◆ **Work to complete**:
Transcribe, exactly and in full, every record shown below, while omitting its images.
Given entries section start
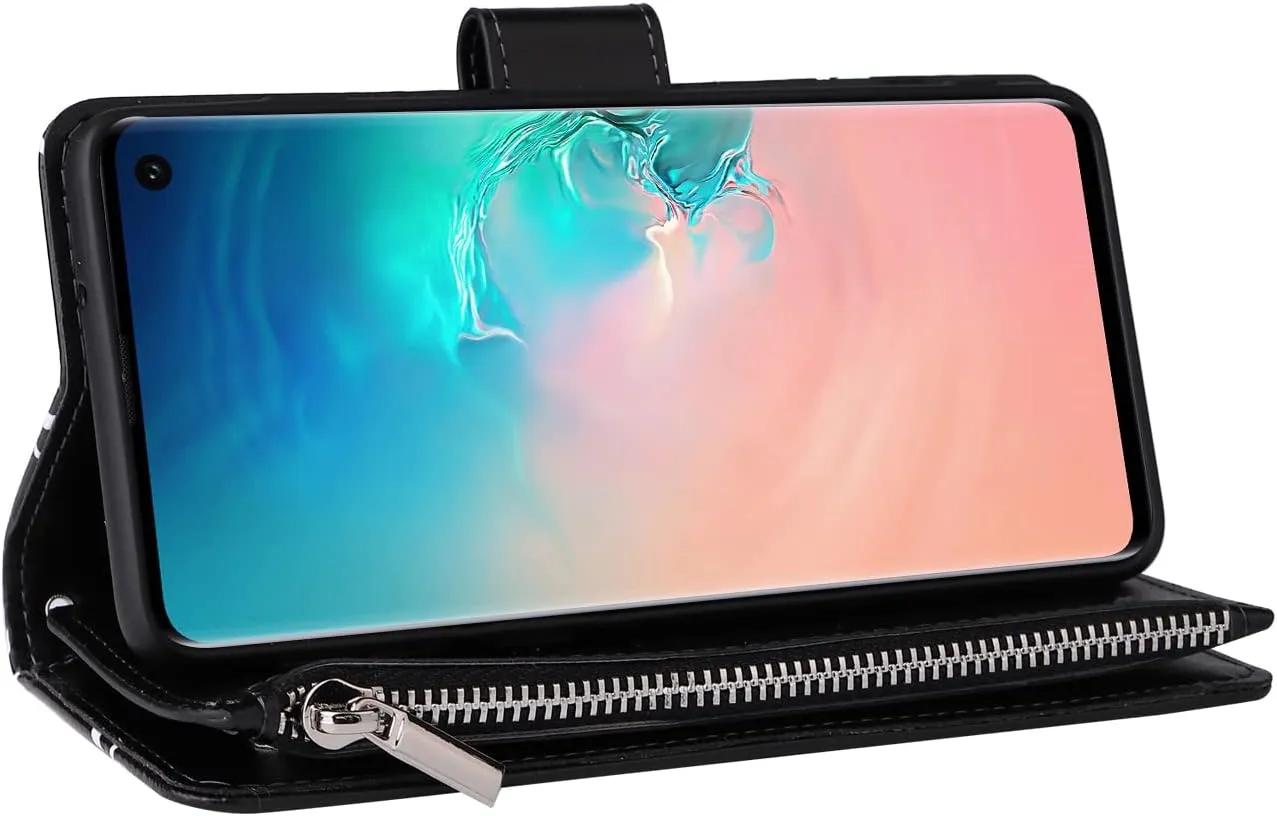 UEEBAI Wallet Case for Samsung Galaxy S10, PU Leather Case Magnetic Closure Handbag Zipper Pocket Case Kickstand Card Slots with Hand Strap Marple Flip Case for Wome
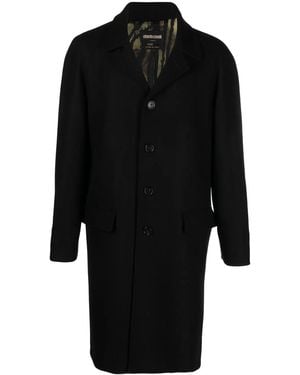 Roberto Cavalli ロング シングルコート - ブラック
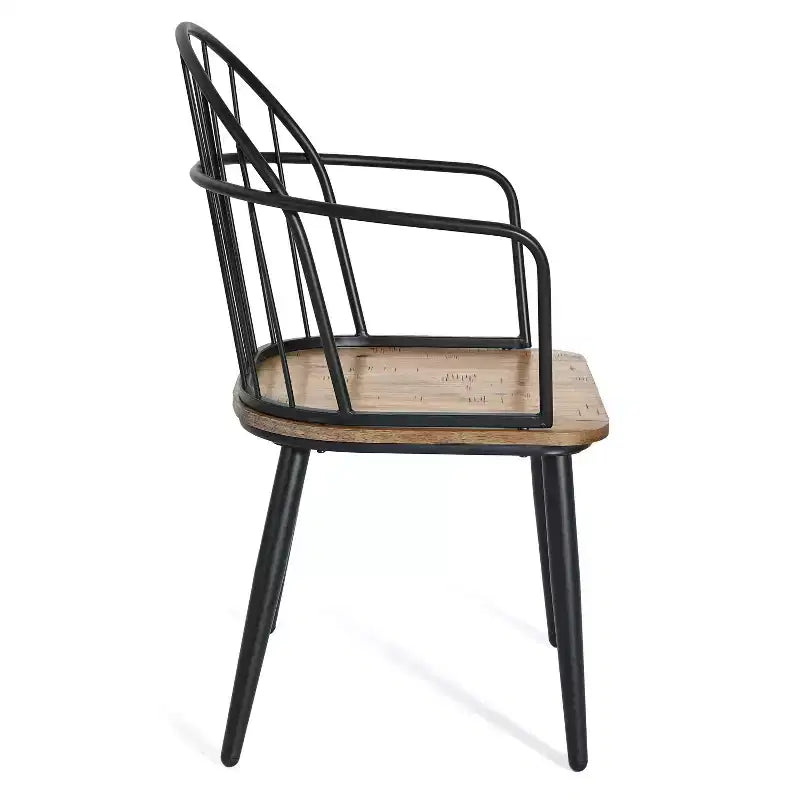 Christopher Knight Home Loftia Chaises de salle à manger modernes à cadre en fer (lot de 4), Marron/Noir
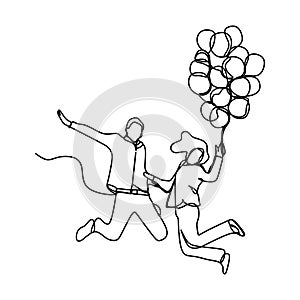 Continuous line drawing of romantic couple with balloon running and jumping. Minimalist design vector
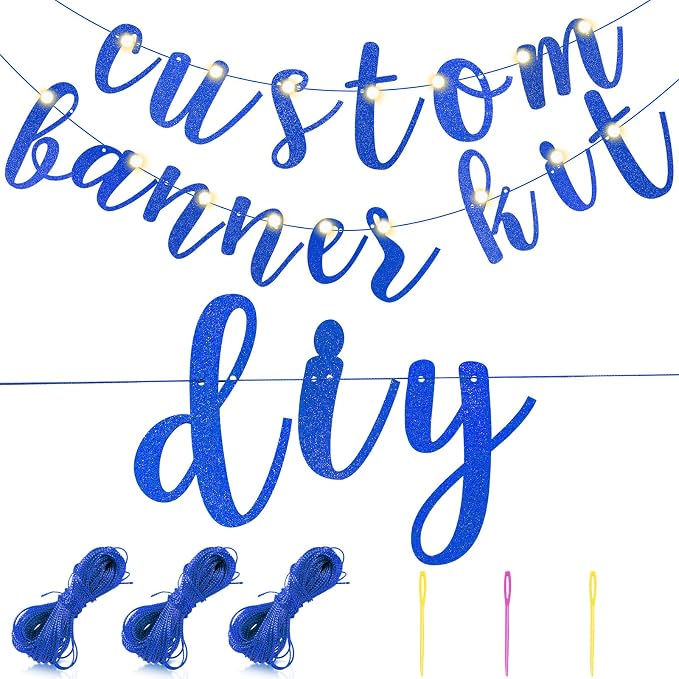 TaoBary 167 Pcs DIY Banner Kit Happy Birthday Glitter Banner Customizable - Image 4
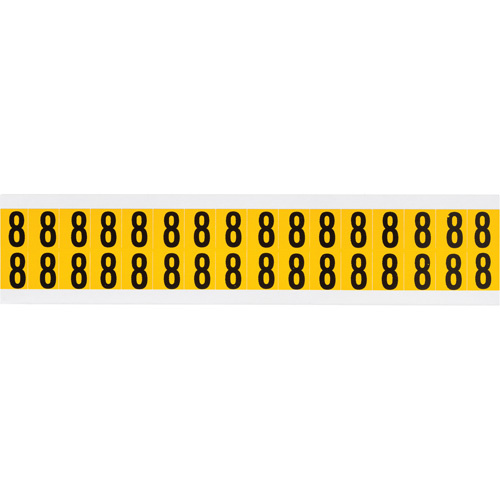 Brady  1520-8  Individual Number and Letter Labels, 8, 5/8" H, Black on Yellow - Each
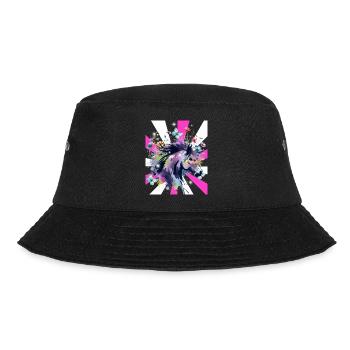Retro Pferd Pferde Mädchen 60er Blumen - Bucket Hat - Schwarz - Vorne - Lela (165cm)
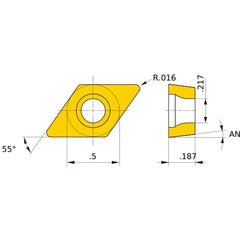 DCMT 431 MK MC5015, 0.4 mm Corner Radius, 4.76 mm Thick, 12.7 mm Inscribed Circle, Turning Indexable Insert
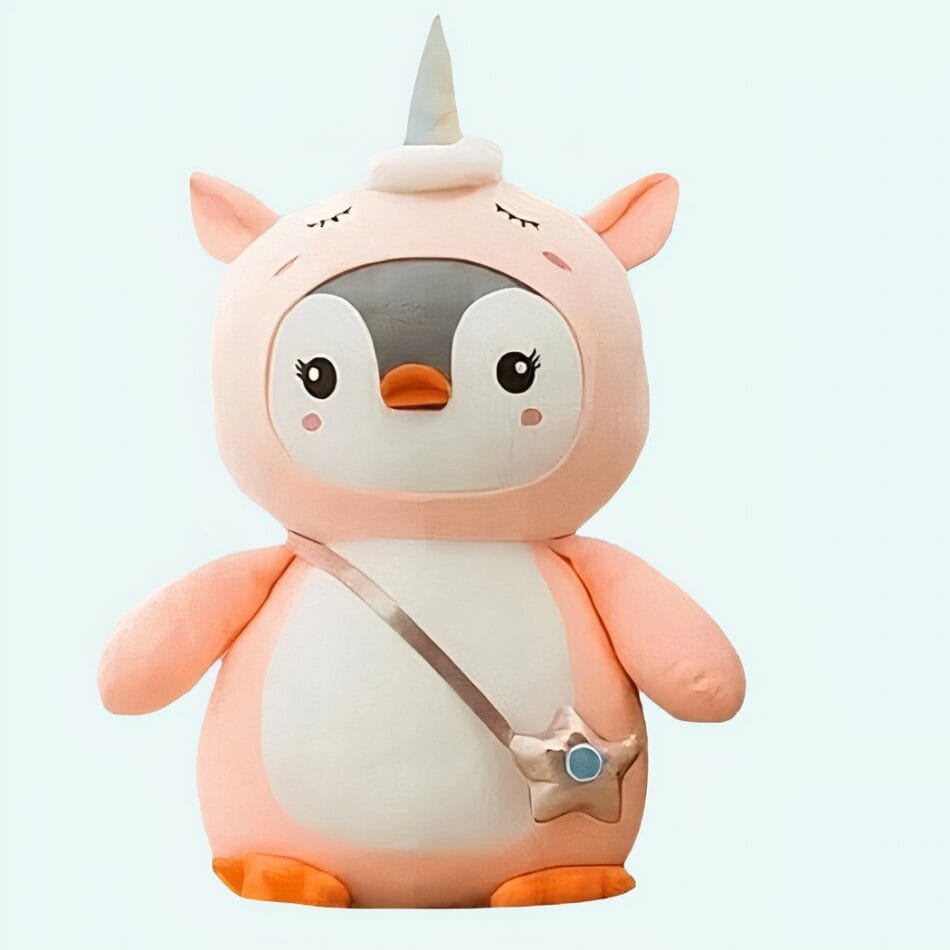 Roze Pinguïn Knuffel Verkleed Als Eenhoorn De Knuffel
Given entries section end
◆ **Answer below**:
 UEEBAI Wallet Case for Samsung Galaxy S10, PU Leather Case Magnetic Closure Handbag Zipper Pocket Case Kickstand Card Slots with Hand Strap Marple Flip Case for Wome
 Roberto Cavalli ロング シングルコート - ブラック
 Christopher Knight Home Loftia Chaises de salle à manger modernes à cadre en fer (lot de 4), Marron/Noir
 Continuous line drawing of romantic couple with balloon running and jumping. Minimalist design vector
 TaoBary 167 Pcs DIY Banner Kit Happy Birthday Glitter Banner Customizable - Image 4
 Brady  1520-8  Individual Number and Letter Labels, 8, 5/8" H, Black on Yellow - Each
Retro Pferd Pferde Mädchen 60er Blumen - Bucket Hat - Schwarz - Vorne - Lela (165cm)
 DCMT 431 MK MC5015, 0.4 mm Corner Radius, 4.76 mm Thick, 12.7 mm Inscribed Circle, Turning Indexable Insert
 Roze Pinguïn Knuffel Verkleed Als Eenhoorn De Knuffel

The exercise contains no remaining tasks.